Systems Atlas

Chapter 2.3

Intent vs Tokens

Tokens are what the user typed. Intent is what they meant. These often diverge and understanding this gap is fundamental to building good search.


The Core Problem

Traditional search engines work by matching tokens (words) in the query against tokens in documents. This sounds reasonable until you realize that users express intent through words, but intent and words are not the same thing.

When a user types "cheap laptop", they don't want documents containing the word "cheap" they want laptops under a certain price. When they type "laptop without touchscreen", matching "touchscreen" actually gives them the opposite of what they want.

Intent Categories (Google Framework)

Google famously categorizes queries into "Do, Know, Go". Here is how we handle them differently.

GO

Navigational Intent

The user wants to go to a specific website or page. They are using search as a bookmark bar.

Examples

  • • "facebook login"
  • • "youtube" (Homepage)
  • • "hbo max"
  • • "united airlines support"

System Action

  • • Show single official link at #1
  • • Show sitelinks (sub-pages)
  • • Don't show ads if brand owner
KNOW

Informational Intent

The user wants to learn something. These queries make up 80% of web searches but monetize poorly.

Examples

  • • "how to tie a tie"
  • • "how to upload video to youtube"
  • • "capital of france"

System Action

  • • Show Direct Answer / Snippet
  • • Show "People Also Ask"
  • • Rank authoritative content (Wikipedia)
DO

Transactional Intent

The user wants to buy or perform an action. This is where the money is (Ads, E-commerce).

Examples

  • • "buy iphone 15"
  • • "cheap flights to nyc"
  • • "download spotify"

System Action

  • • Show Shopping Grid
  • • Show Filters (Price, Brand)
  • • Show Reviews and Ratings

Quantifying the Gap

This checkout breakdown shows the gap between token matching and intent understanding.

Success Rate: Token vs Intent Matching

Negation Failure

Token matching fails 90% of the time on negation because it treats "without" as just another word or noise.

Synonym Gap

Token matching misses 75% of relevant results when users use synonyms (e.g., "sofa" instead of "couch") that aren't in the product text.

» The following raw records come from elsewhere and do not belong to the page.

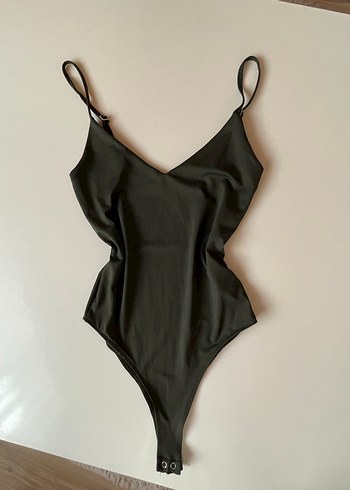 stradivarius haki body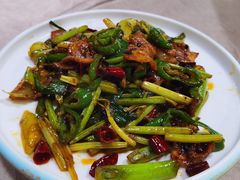 -鲤鱼塘农家山庄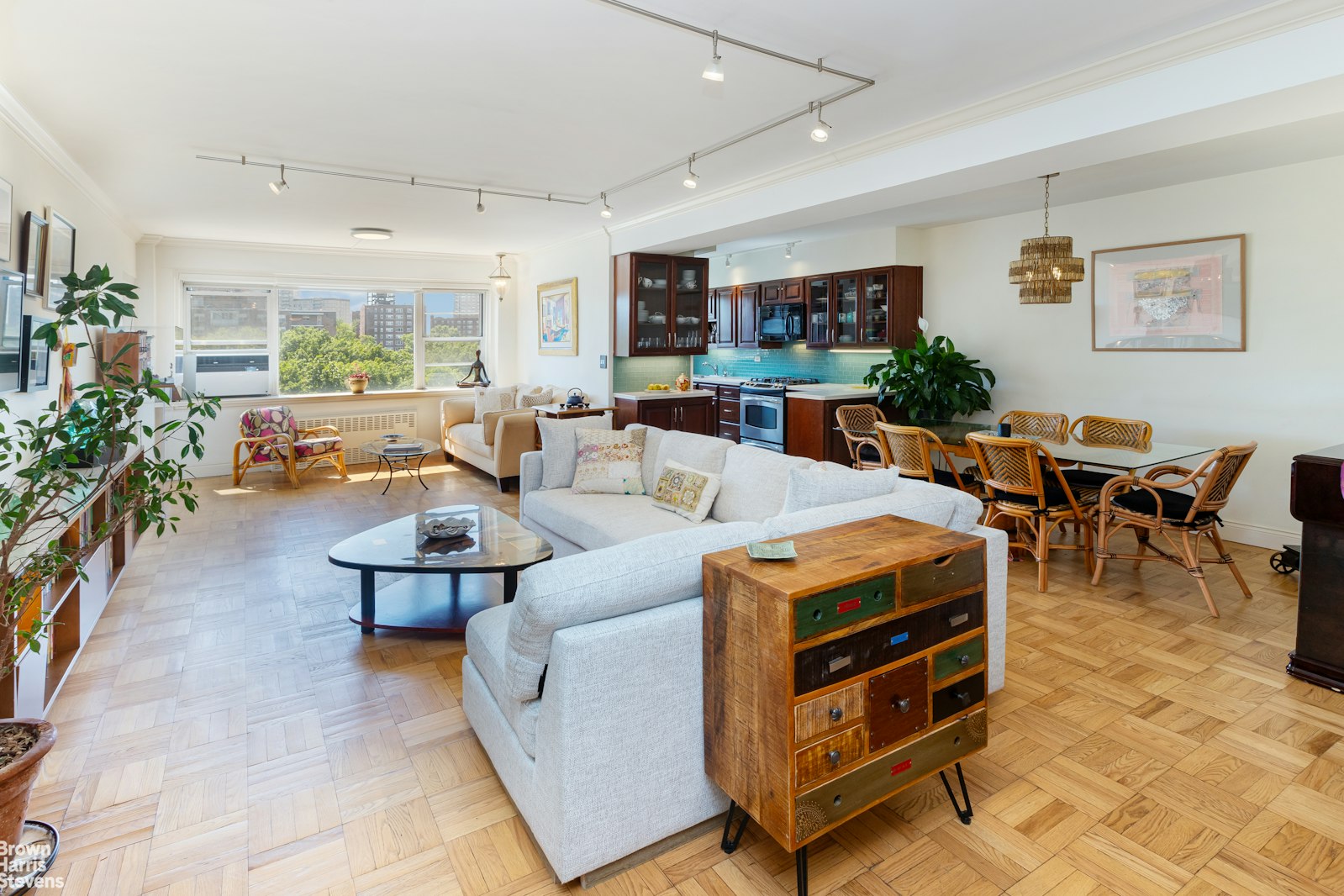 Photo 1 of 750 Kappock St 807, Spuyten Duyvil, New York, $569,999, Web #: 23047777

Deep Dive: Tokens vs Entities

analysis.py
def analyze_query(query: str):
# 1. Naive Tokenization (What Solr/ES do by default)
tokens = query.split()
print(tokens) # ["iphone", "without", "camera"]
# RESULT: Returns phones that have "camera" in description
# 2. Entity First Strategy (What we want)
entities = ner.extract(query)
print(entities)
{
"product": "iphone",
"exclusion": "camera" # 'without' triggers exclusion logic
}
# RESULT: Apply filter `must_not: features.contains("camera")`

Solutions for Common Failures

The "Cheap" Problem

Removing the word "cheap" and applying a price filter.

if "cheap" in query_tokens:
query_tokens.remove("cheap")
filters["price"] = { "lt": median_price * 0.5 }

The Negation Problem

Converting "without X" to rigid exclusion.

if "without" in tokens:
idx = tokens.index("without")
excluded_term = tokens[idx + 1]
must_not_terms.append(excluded_term)

Precision vs Recall Strategy

A token-only search has high precision but low recall (misses synonyms). A semantic-only search has high recall but low precision (drifts topic). The industry standard is Dynamic Hybrid Retrieval.

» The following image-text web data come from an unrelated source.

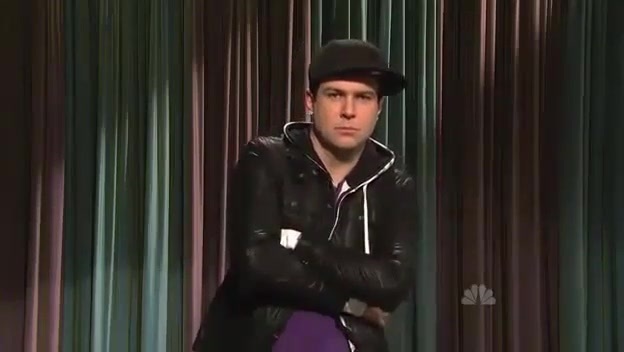 Miley Cyrus  as Justin Bieber  SNL 0764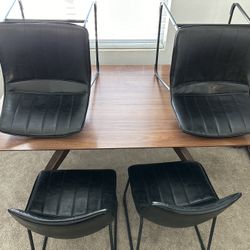 Dining Table/chairs 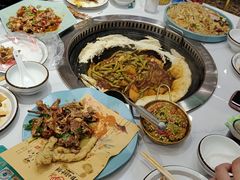 -满兴咱妈烀饼铁锅炖(兰州北街店)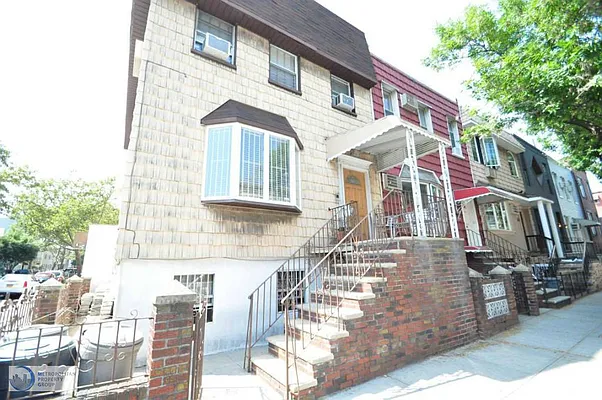 Rented by Metropolitan Property Group | media 8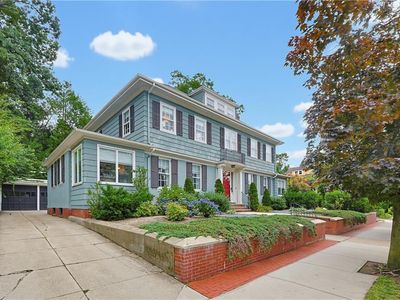 387 Wayland Ave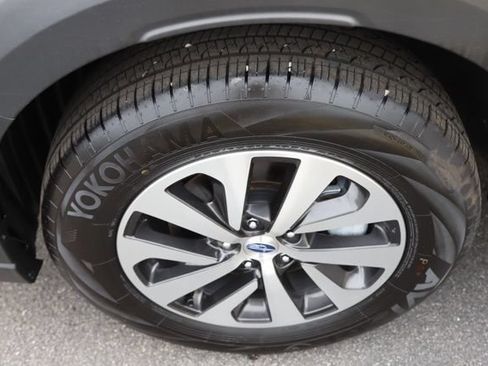 Used 2025 Subaru Outback Premium AWD/4WD image 10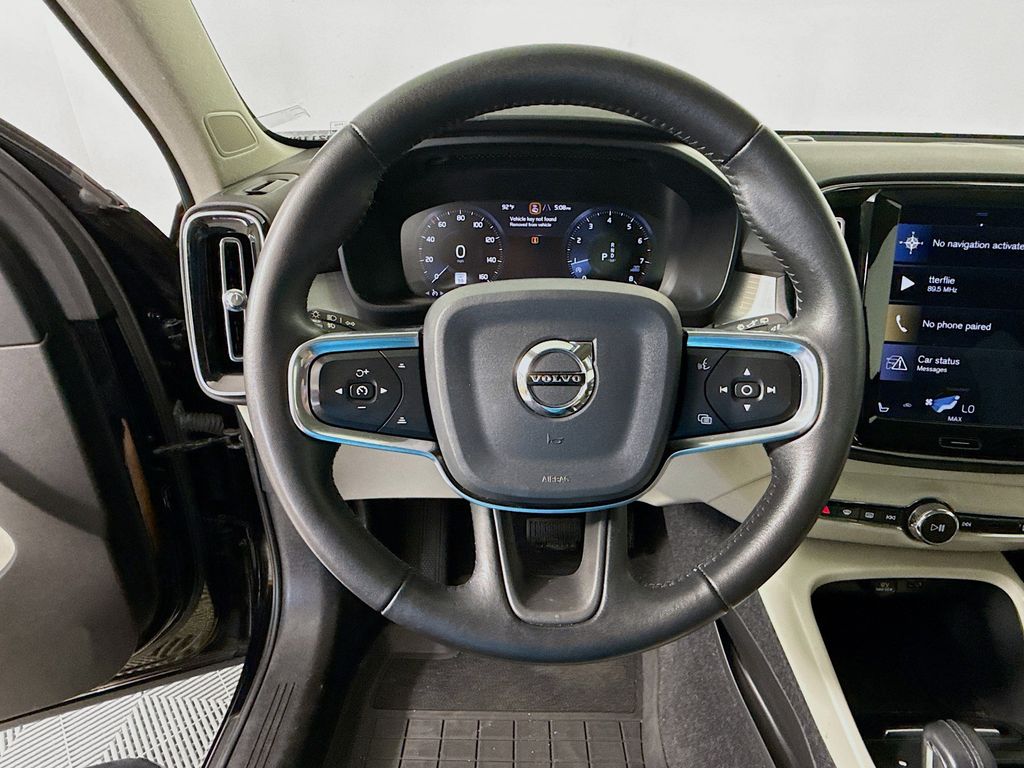 Thumbnail: 2020 Volvo XC40 - 11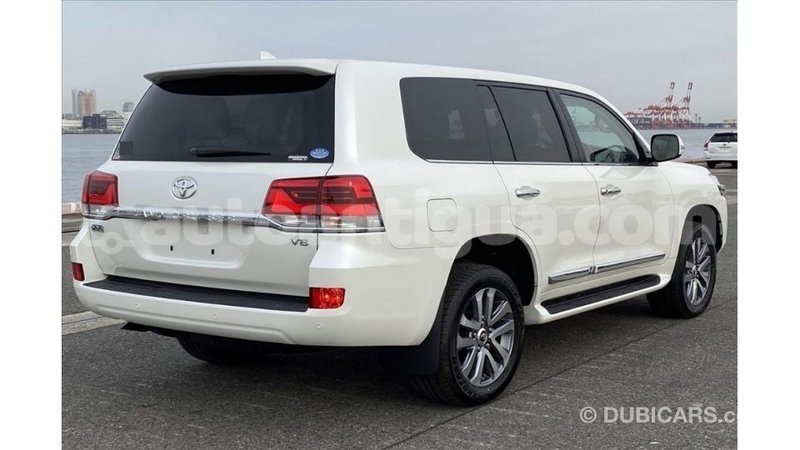 Big with watermark toyota land cruiser antigua import dubai 3081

def calculate_hybrid_score(bm25_score, vector_score):
# 60% weight to exact matches (Precision)
# 40% weight to semantic matches (Recall)
return (0.6 * normalize(bm25_score)) + (0.4 * vector_score)

Bridging the Gap

There are three main approaches to bridging the token-intent gap, each with trade-offs:

1. Synonym Expansion

"couch" → "couch OR sofa OR loveseat"

Add known synonyms to the query. Simple and interpretable, but requires manual curation and can reduce precision if synonyms are too broad.

✓ Interpretable✗ Manual work

2. Semantic Search

embed("couch") ≈ embed("sofa")

Use embeddings to find semantically similar content. Automatic and handles unseen synonyms, but can over-generalize and is less interpretable.

✓ Automatic✗ Black box

3. Hybrid Approach

1. Token match (BM25) for precision

2. Semantic rerank for relevance

3. Fallback to semantic if needed

Combine both: use tokens for high-confidence matches, semantics for recall. This is the approach most production systems use.

✓ Best of both

Key Takeaways

01

Tokens vs Intent

The literal words typed are just a hint. You must infer the underlying goal.

02

Synonyms

Table stakes. You must handle "couch" vs "sofa" and "sneakers" vs "shoes".

03

Hard Problems

Negation ("without") and modifiers ("cheap", "best") require logic, not just matching.

04

Hybrid Wins

Use tokens for precision (exact match) and semantics (vectors) for recall.